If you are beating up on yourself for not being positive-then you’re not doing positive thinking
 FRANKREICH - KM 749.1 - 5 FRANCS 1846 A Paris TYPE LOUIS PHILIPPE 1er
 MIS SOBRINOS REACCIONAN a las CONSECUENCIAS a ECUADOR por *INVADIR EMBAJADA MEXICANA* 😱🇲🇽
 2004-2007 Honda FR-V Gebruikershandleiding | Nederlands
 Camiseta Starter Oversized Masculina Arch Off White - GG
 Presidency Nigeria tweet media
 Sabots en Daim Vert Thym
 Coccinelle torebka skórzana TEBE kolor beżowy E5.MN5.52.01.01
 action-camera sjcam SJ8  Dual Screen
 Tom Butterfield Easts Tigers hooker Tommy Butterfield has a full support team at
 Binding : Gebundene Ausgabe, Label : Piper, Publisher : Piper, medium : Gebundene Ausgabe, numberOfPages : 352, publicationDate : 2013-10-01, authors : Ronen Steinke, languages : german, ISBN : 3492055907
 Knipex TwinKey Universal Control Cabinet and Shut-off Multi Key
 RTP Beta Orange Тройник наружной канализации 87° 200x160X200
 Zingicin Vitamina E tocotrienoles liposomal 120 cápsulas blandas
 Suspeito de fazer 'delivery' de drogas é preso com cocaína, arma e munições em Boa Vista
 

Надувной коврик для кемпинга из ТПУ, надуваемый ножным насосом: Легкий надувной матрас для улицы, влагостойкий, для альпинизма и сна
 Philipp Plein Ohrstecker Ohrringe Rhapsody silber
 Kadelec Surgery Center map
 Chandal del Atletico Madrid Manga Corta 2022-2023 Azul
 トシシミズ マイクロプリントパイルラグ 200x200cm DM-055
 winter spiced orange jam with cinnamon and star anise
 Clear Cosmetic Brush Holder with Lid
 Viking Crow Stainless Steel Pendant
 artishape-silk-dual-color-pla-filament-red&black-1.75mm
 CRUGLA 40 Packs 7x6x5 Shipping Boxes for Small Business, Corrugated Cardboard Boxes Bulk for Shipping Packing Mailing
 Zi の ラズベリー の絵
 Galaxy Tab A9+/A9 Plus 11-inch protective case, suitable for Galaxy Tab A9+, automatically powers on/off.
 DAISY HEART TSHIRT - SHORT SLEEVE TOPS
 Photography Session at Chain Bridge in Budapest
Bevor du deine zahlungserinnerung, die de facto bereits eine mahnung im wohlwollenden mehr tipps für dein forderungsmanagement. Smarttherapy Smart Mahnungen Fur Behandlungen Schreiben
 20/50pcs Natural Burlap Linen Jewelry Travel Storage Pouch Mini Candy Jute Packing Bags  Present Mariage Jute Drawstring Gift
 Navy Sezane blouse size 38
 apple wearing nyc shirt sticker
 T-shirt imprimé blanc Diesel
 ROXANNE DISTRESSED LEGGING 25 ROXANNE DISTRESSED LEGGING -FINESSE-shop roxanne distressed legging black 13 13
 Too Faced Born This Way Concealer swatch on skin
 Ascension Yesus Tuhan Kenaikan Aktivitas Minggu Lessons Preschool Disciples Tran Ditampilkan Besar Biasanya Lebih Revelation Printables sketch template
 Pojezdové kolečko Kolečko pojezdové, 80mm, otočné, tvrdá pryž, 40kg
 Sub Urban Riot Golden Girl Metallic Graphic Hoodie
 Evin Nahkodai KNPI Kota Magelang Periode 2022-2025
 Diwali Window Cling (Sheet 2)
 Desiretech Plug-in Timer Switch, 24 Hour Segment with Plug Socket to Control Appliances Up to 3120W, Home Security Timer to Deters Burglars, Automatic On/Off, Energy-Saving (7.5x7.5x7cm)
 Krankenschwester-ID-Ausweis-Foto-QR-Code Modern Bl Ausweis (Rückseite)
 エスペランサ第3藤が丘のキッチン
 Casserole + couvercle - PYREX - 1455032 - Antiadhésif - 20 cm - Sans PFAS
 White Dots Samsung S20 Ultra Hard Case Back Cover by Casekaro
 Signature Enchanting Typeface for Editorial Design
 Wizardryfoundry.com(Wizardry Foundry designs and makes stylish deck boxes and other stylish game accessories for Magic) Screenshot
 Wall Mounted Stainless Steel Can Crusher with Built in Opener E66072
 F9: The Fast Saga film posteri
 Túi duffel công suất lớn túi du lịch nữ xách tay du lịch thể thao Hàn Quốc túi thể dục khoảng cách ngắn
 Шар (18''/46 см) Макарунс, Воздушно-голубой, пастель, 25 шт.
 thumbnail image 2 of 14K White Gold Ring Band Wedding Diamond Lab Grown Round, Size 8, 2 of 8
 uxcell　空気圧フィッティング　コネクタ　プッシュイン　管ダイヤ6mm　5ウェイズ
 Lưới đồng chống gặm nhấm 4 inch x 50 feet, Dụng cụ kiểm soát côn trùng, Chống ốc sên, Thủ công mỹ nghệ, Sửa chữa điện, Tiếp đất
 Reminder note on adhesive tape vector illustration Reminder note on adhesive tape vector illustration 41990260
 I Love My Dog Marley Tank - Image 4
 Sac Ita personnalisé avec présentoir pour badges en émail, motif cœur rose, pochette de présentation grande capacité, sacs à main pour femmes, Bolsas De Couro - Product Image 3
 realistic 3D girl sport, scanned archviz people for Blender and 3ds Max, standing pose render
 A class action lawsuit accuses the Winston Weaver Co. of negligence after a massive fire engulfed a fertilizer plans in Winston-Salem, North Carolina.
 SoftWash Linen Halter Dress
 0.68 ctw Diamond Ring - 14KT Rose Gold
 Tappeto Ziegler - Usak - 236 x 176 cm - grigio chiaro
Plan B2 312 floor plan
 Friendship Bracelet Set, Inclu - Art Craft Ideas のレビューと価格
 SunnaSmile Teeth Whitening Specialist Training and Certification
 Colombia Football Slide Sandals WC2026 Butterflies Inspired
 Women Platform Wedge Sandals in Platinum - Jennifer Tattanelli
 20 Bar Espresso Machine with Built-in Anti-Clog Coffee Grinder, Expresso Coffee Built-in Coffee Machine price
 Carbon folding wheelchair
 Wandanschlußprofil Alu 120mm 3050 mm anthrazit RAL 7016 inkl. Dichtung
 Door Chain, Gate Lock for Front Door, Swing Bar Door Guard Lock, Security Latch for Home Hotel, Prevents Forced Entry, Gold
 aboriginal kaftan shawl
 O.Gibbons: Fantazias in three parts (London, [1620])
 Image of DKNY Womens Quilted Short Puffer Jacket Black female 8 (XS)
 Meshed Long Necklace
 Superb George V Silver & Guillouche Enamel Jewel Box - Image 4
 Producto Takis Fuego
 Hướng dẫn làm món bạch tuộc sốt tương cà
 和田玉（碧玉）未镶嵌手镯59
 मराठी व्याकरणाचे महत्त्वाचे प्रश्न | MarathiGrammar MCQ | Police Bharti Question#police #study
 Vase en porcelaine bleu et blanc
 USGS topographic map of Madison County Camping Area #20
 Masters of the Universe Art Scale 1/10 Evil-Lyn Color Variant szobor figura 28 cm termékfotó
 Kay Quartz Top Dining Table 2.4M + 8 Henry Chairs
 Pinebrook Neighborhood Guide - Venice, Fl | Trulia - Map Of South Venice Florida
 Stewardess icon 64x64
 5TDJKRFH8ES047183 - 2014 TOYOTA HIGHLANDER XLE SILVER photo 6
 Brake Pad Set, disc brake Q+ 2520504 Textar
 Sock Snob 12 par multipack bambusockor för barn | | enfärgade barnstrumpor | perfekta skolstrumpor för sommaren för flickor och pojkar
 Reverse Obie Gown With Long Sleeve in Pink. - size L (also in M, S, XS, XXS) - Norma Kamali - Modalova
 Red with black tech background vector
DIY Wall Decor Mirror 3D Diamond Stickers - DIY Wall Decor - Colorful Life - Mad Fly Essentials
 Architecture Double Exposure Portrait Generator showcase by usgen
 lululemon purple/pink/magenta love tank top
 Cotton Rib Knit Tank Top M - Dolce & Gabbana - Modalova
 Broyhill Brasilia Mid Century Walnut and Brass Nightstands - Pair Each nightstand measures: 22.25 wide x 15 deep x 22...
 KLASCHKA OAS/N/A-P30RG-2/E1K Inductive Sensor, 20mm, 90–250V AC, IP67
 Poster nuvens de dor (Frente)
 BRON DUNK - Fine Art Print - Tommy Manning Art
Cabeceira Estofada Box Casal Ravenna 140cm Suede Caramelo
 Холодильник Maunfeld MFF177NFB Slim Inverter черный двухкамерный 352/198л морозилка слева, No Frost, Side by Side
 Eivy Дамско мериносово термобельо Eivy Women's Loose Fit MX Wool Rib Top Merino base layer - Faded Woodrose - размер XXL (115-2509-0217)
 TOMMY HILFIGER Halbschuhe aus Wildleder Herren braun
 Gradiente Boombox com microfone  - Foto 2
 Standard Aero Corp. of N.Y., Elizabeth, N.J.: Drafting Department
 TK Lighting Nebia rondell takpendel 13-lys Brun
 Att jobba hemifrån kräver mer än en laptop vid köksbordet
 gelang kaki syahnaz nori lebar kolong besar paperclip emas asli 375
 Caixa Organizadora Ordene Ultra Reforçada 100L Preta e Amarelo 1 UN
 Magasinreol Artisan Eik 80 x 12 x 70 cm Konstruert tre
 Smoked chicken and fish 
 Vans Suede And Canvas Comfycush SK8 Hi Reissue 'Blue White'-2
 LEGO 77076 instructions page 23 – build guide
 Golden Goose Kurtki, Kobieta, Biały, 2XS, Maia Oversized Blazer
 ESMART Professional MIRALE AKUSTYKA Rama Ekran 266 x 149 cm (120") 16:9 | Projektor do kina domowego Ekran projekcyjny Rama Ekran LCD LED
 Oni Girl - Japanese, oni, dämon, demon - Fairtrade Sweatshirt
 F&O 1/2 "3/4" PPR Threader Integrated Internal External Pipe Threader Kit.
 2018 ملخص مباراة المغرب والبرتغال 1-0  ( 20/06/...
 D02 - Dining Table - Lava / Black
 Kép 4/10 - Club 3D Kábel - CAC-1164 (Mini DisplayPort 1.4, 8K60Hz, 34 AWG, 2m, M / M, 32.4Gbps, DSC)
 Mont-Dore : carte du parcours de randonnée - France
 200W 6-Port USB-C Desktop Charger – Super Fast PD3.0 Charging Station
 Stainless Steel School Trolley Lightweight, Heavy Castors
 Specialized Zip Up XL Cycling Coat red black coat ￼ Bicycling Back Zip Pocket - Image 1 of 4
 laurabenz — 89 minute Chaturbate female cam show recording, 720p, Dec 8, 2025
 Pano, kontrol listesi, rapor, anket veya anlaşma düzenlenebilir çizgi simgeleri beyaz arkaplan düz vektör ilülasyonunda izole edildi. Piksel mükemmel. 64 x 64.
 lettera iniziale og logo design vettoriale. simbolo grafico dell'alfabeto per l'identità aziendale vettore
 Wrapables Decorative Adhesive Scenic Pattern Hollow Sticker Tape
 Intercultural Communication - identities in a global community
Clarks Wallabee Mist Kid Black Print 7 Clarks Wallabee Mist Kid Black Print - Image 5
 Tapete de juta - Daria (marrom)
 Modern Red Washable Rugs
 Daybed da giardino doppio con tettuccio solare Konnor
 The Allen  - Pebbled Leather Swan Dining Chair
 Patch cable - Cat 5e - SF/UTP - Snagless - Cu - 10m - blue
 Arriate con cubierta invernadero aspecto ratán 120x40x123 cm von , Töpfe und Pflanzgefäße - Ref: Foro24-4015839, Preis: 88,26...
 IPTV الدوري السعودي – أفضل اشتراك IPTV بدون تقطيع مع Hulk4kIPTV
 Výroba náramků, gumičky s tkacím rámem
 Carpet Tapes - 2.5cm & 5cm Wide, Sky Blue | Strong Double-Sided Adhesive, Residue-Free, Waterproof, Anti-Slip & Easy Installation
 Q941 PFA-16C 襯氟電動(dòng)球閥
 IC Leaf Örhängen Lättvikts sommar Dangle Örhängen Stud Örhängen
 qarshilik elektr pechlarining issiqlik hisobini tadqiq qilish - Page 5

________________

== PROMPT ==
Check the listing for the word "Security". Show each line that has it.

== WORKED SOLUTION ==
 Desiretech Plug-in Timer Switch, 24 Hour Segment with Plug Socket to Control Appliances Up to 3120W, Home Security Timer to Deters Burglars, Automatic On/Off, Energy-Saving (7.5x7.5x7cm)
 Door Chain, Gate Lock for Front Door, Swing Bar Door Guard Lock, Security Latch for Home Hotel, Prevents Forced Entry, Gold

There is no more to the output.